The first time I really realized that I needed to work on my fear was on the wall at my 3rd National Competition. Before I was even up 30 feet, I could feel myself begin to shake. I lost my breath, and everything except my terror disappeared from my mind. With my focus on my fear, I made a stupid mistake and fell low. Although I was disappointed in my climbing, I was mostly concerned about how I felt on the wall. Climbing like that wasn't fun- miserable even.
Months passes, and I was still trudging to each practice with the gut-wrenching terror holding me down.
Flash forwards to 2014 Sport Divisionals... Of course I was nervous- I finally got another shot at competing nationally. I wasn't excited, but instead was attending the event because of a sense or responsibility to my family, my teammates, and my coaches. I would not regret it.
I may not have placed my best but I was ecstatic.

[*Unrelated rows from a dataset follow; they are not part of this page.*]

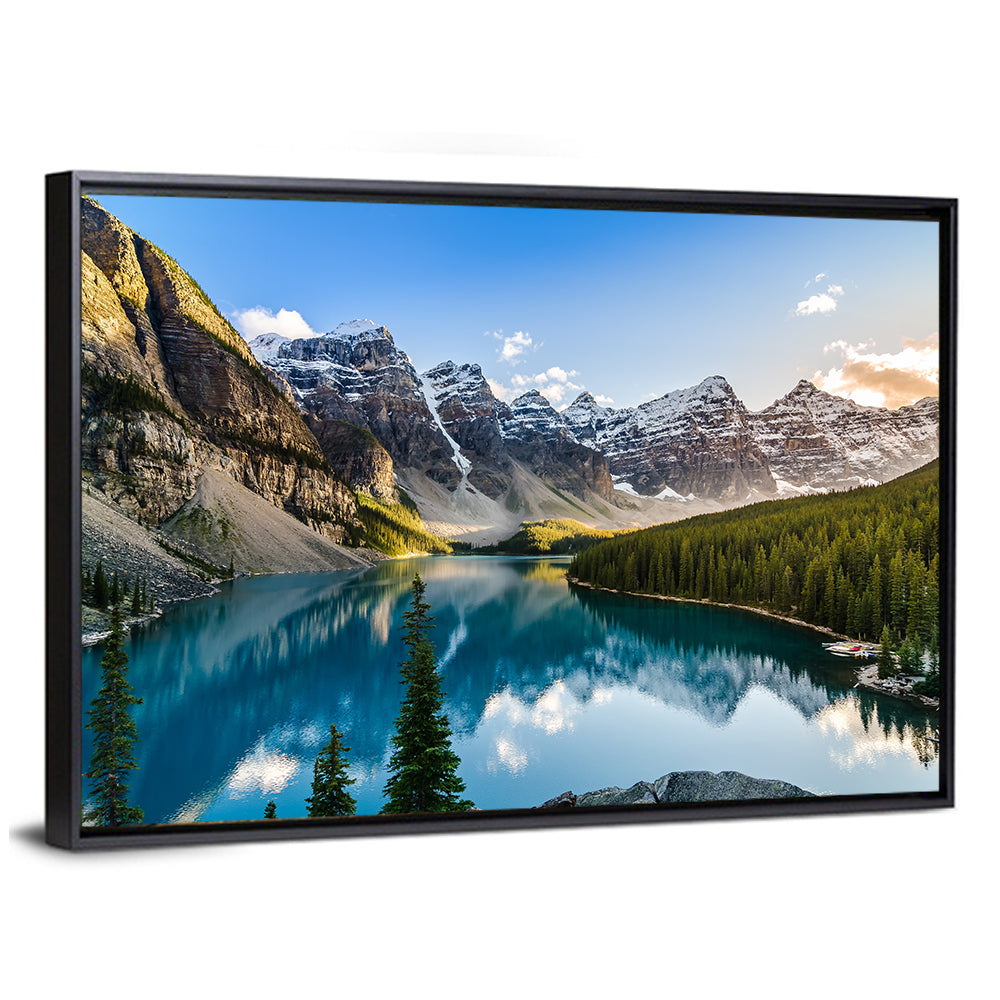Moraine Lake In Canadian Rocky Mountain Wall Art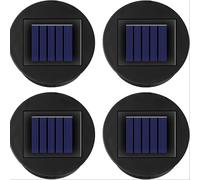 TEMU Juego de Repuesto para Luz Solar de 2 Piezas Tamaño 3.15 pulgadas, Tamaño Inferior 2.76 pulgadas, 10 Luz LED Impermeable para Reemplazo de Arañuelas Solares Exteriores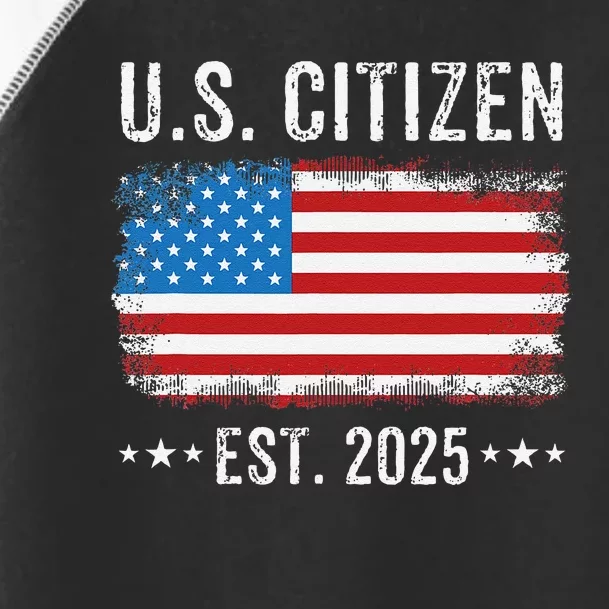 New Us Citizen Est 2025 American Immigrant Citizenship Toddler Fine Jersey T-Shirt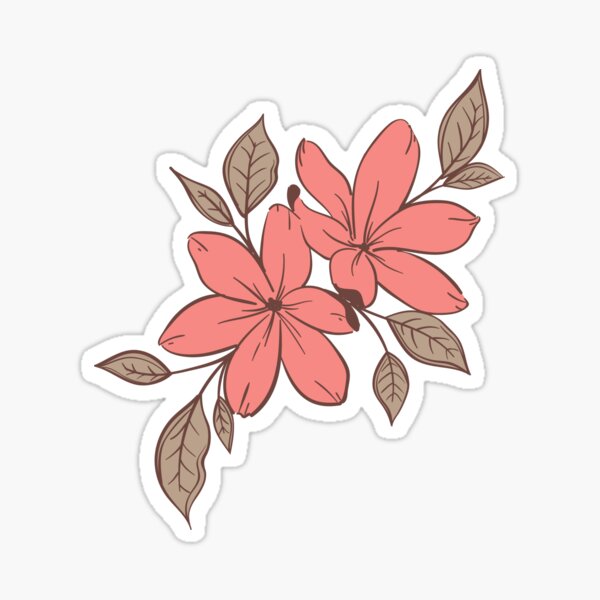 Vintage Flower For Girls Vintage Flower Sticker For Sale By Ddracko Redbubble 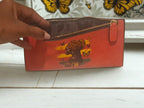 Red "Nubian Queen" zipper wallet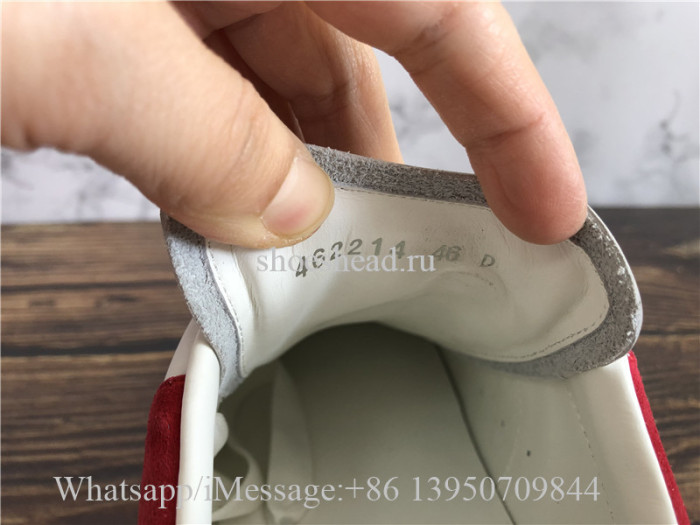 Super Quality Alexander McQueen Sneaker Red Suede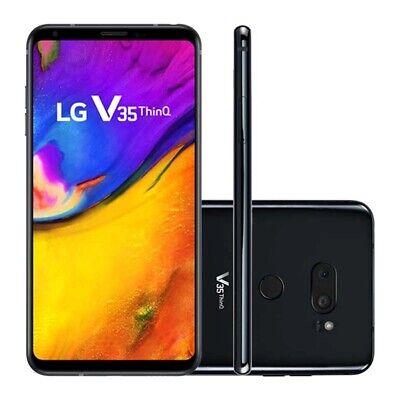 Unlocked LG V35 ThinQ (V350ULM) 64GB Aurora Black Smartphone - Perfect for Travel, Business & Streaming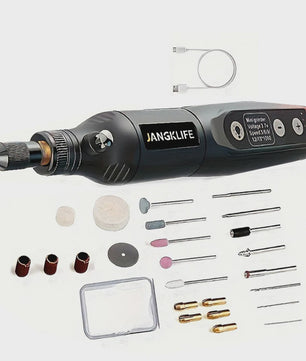 Draadloze Roterende Tool Kit: Graveerpen voor Hout, Metaal, Glas & Sieraden - DIY Mini Boormachine met USB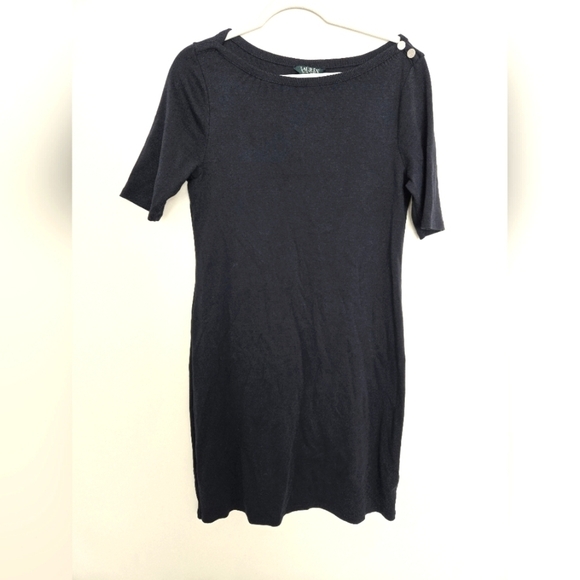 Ralph Lauren Dresses & Skirts - Lauren Ralph Lauren Navy Blue 100% cotton boat neck dress | size XL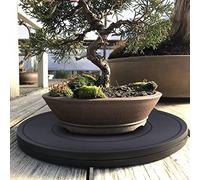 WORDFUN 40cm Base Giratoria Manual, Giratorio De Bonsái Redondo, Plato Giratorio con Rodamientos De Bolas, Soporte Giratorio para Pantallas De TV Grandes, ArtesaníAs, Pantallas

While on the wall, I had not been plagued by doubt, nerves, or dread. I was just climbing. It had been so long since I had bee able to truly climb, that those Divisionals are easily one of my favorite experiences. I placed moderately well, enough to slide my way into qualifying for Nationals the next month. My fear of climbing may not have disappeared during those few hours, but pretty soon, I was able to fall back in love with the sport.
What caused someone who had been climbing longer than they had not to suddenly forget everything they loved about it? What was it about that random competition that helped me rediscover climbing for what it really was? I have no idea, but the amount of fear I went through during those months taught me at least one good thing:
The only thing that can really stop you from doing what you want is your mind.